Do you know if there is a better way of checking or we have to proceed by trial and error?
Hi @jermp,
No worries — things are busy on this end as well ;P.
So, the issues that I can see are the following (btw, currently the compilation of pisces-cpp
that is done when distributing via bioconda works, it's just that the resulting executable may use instructions that are not available on all client machines):
1) march=native
refers to the machine that the CI is running on, and so using march=native
in a bioconda build gives up strict control over what instructions will be used.
2) The -bmi2
flag uses some instructions that are likely either unavailable or untranslatable on M1/M2 hardware.
So both of these have the following implications. Bioconda builds will likely work on most client machines, but would fail on machines that lack either instructions included because of march=native
or machines not supporting bmi2
instructions. Further, a bioconda build built with these flags won't run on an M1/M2 machine, since the current bioconda CI infrastructure is x86-64 and, while rosetta2 can translate most intrinsics, I think it, perhaps, can't translate the bmi2 stuff.

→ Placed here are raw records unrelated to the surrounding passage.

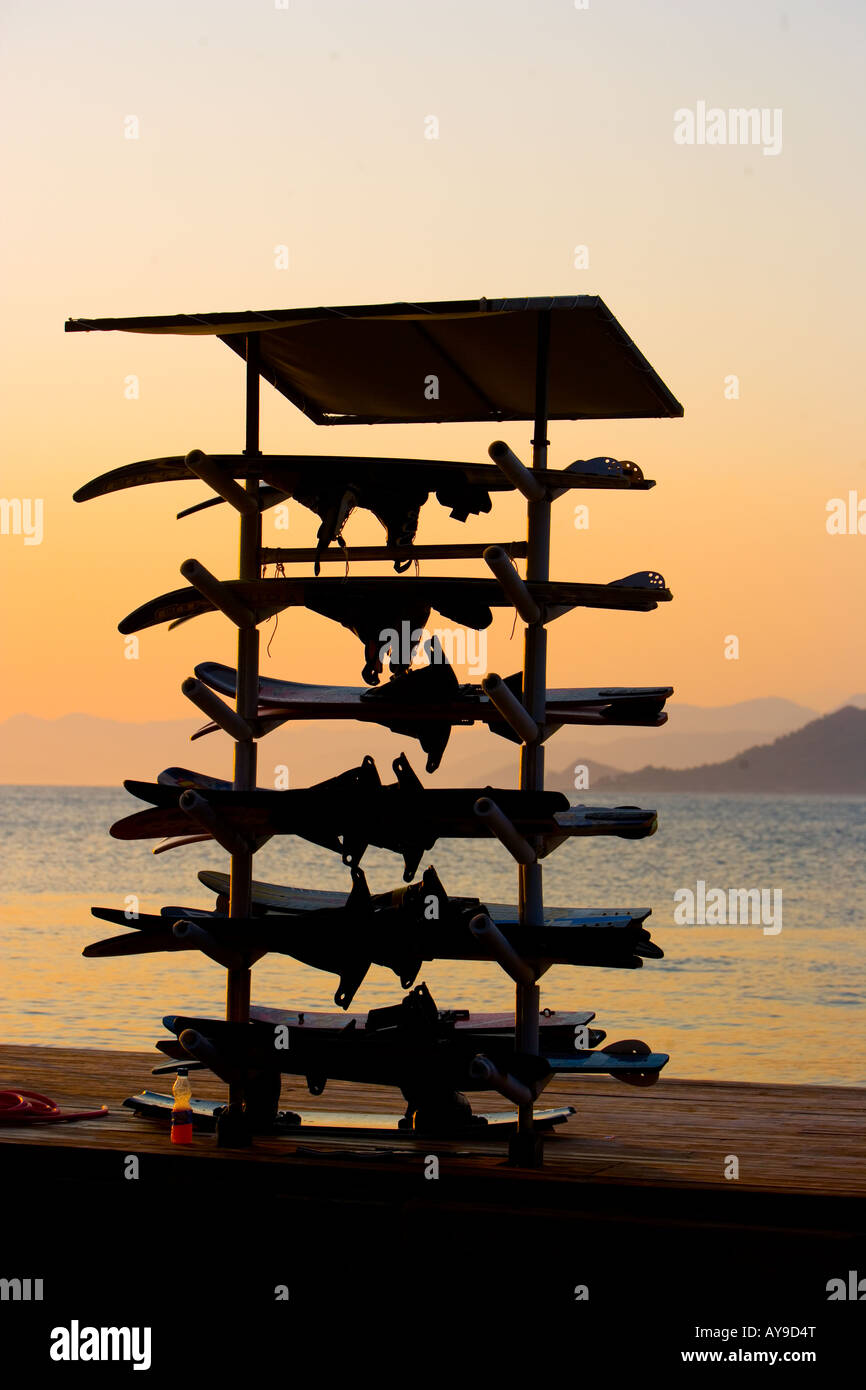 Backlit wakeboarding equipment at sunset in Turkey Stock Photo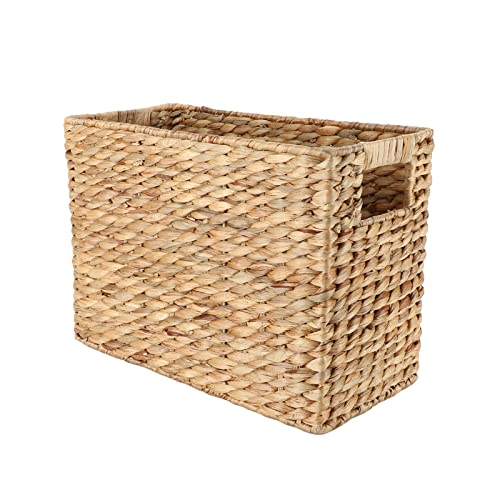 Water Hyacinth Storage Basket with Handles - Large Wicker Basket for Home Organization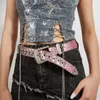 Ceintures de chaîne de taille nouvelle ceinture diamant ceinture femme Instagram Style large courroie aiguille bouton décoratif jean ceinture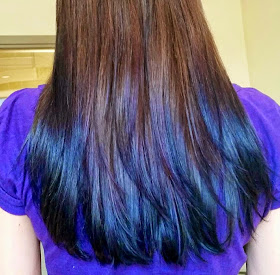 Dark Brown Hair Dip Dyed Purple Hair Color Highlighting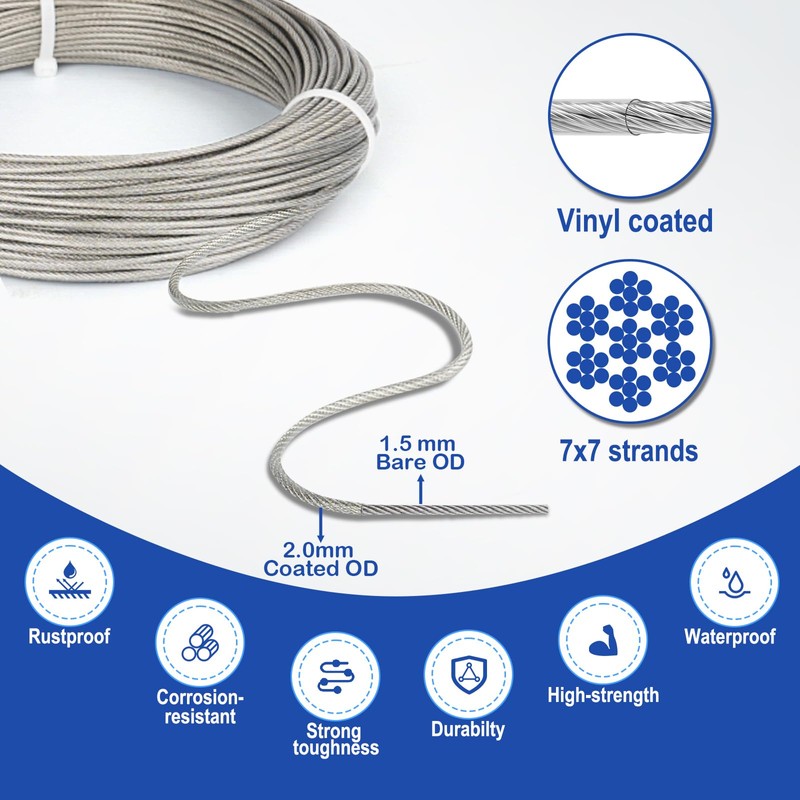 TooTaci Turnbuckle Wire Tensioner Kit, 100ft 1/16 Vinyl Coated Stainless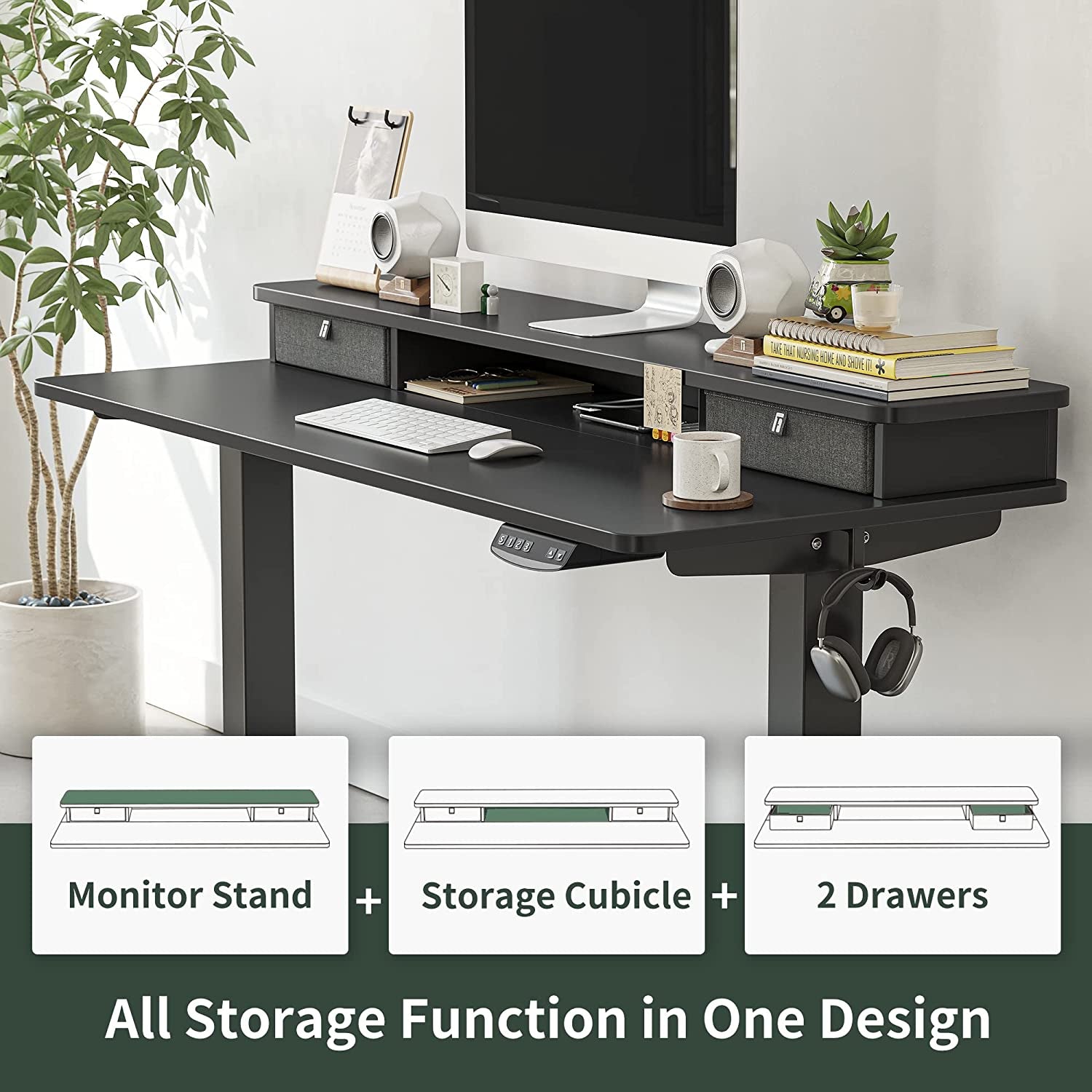 Height Adjustable Electric Standing Desk with Double Drawer, 60 X 24 Inch Stand up Table with Storage Shelf, Sit Stand Desk with Splice Board, Black Frame/Black Top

If you just want the bioconda build to work on x86-64, it will probably already work on most machines, but we might want to explicitly list out the useful instructions and remove march=native
when building is being done via bioconda (which is easy because you can pass arbitrary variables in the call to cmake
). If, in addition, you'd want the current bioconda build to run on M1/M2 under rosetta2
you'd have to get rid of any instruction that rosetta2
can't translate. Of course, since there are not many platforms that one has to support with M1/M2, you could instead just provide your own pre-compiled binaries for those until bioconda gets apple silicon CI instances.
Alright, let's dig into -march=native
then! I'll do some research and update this thread.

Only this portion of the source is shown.